Tuesday, April 1, 2014

Assisi to Nocera Scalo

Took a good trek the other day, from Assisi to Nocera Scalo and back. The latter town is a quiet hamlet with a train stop, but there's plenty of good hiking in between. Started out via Porta Perlici around 6:30 a.m.
It was a fine morning, cool and brisk, good walking weather.
After about three miles on a country road, it was time to turn off on an unmarked gravel one.
From this point on, my route switched back and forth between maintained or unmaintained trails, gravel roads and old dirt roads, some moves necessitated by recent rains. Certain parts of the trails were sure to be very muddy, while other parts just looked like this.

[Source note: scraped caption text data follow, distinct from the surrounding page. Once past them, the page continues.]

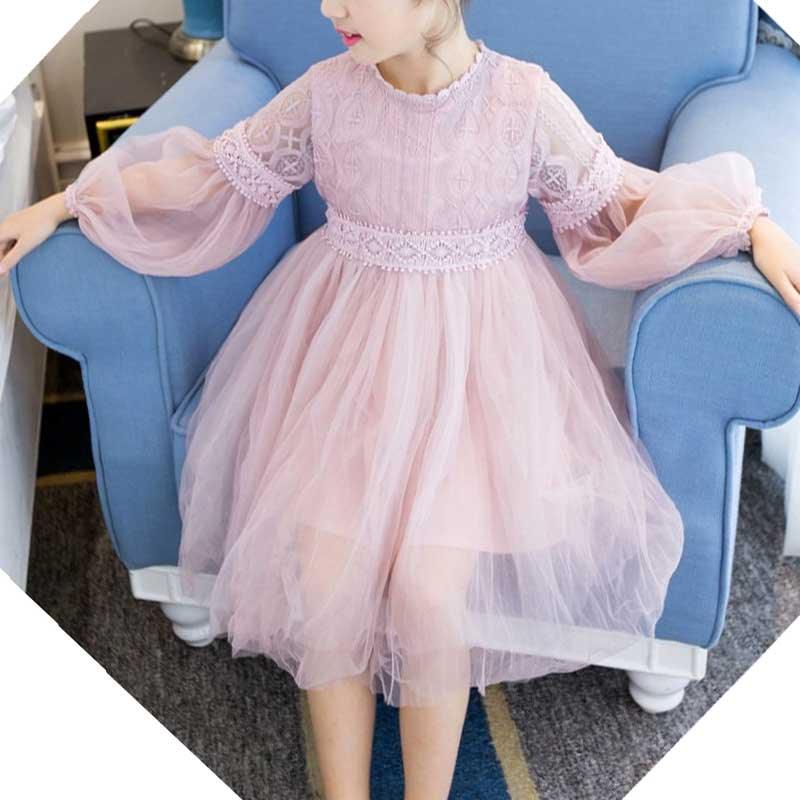 Toddler Girl Lace Princess Dress Children's Clothing - PrettyKid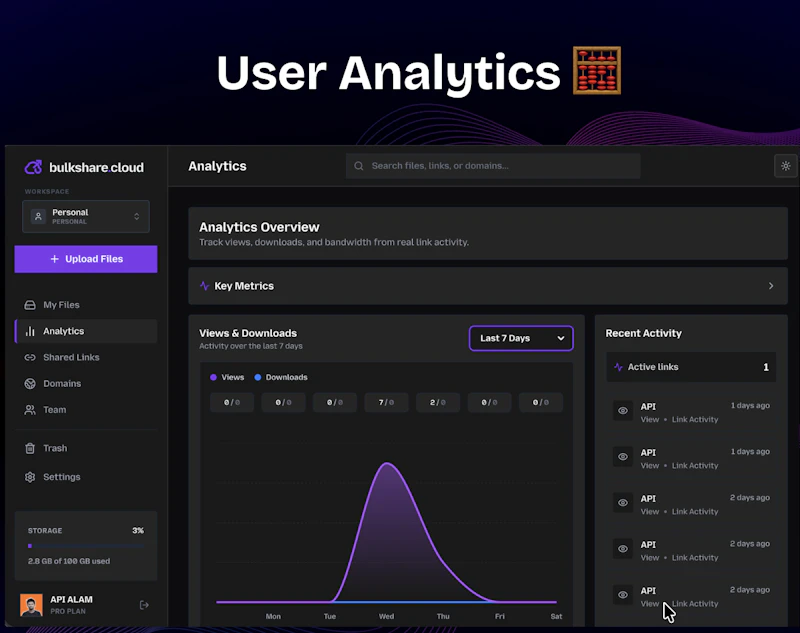 bulkshare.cloud screenshot 3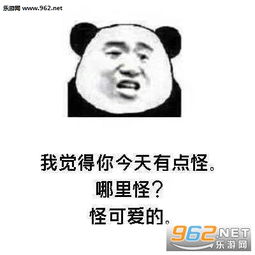 表情包表白套路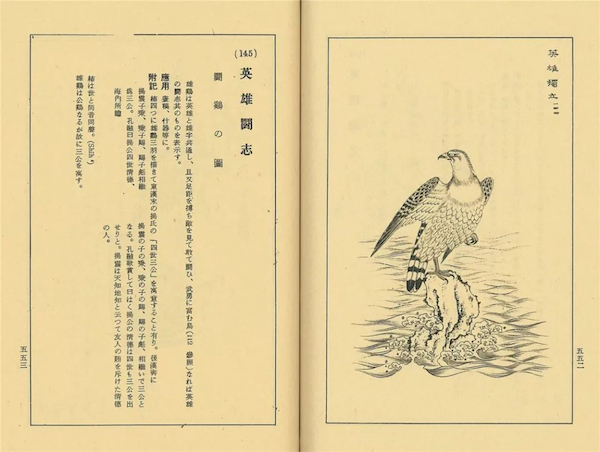 八大山人《双鹰图》今起南昌首展，晚年的他绘鹰渊源何在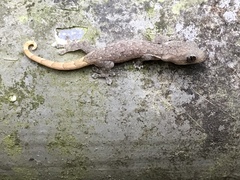 Hemiphyllodactylus hongkongensis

After a couple of hours, the clear day allowed for a good distant view back at Assisi, in the far center of the picture.
Passed through the hamlet of Satriano, and soon came to the tiny church of San Leonardo. The original church has a history going back to the Fourteenth Century.
Here's the inside.
A view of a pond, with Subasio in the distance.
Opted to walk a long stretch of road over trying to navigate a trail mud swamp, and finally the ruins of Rocca di Postignano came into sight. This fortress dates back to the Tenth Century, when it was inhabited by Lombard nobles.
Here's a closer view of the top of the fortress.
And remains of some of the structures below.
Terrific views from the Rocca (guess a wisely built fortress would offer distant views of any potential visitors), looking back toward Subasio.
From Rocca di Postignano, it was a combination of road and muddy trail trekking down to the hamlet of Villa di Postignano.
Stopped in at the small church there, where Sunday Mass was just ending, with a congregation of perhaps 20 persons.
From there, Nocera Scalo was a downhill stroll. Arrived there about five hours after setting out. Looked about for a bit. A nice river flows through town.
There was a small shrine on the main road.
What also caught my eye (and ear), was a loudly barking dog on a roof. 
Not sure if Nocera Scalo dogs in general spend much time on their roofs, but what also was interesting, particularly in late March, was the presence of a nativity scene.
Time to head back to Assisi. Roundtrip the walk was about twenty-five miles, under eleven hours, with, of course, many more great views on the return.
Ciao.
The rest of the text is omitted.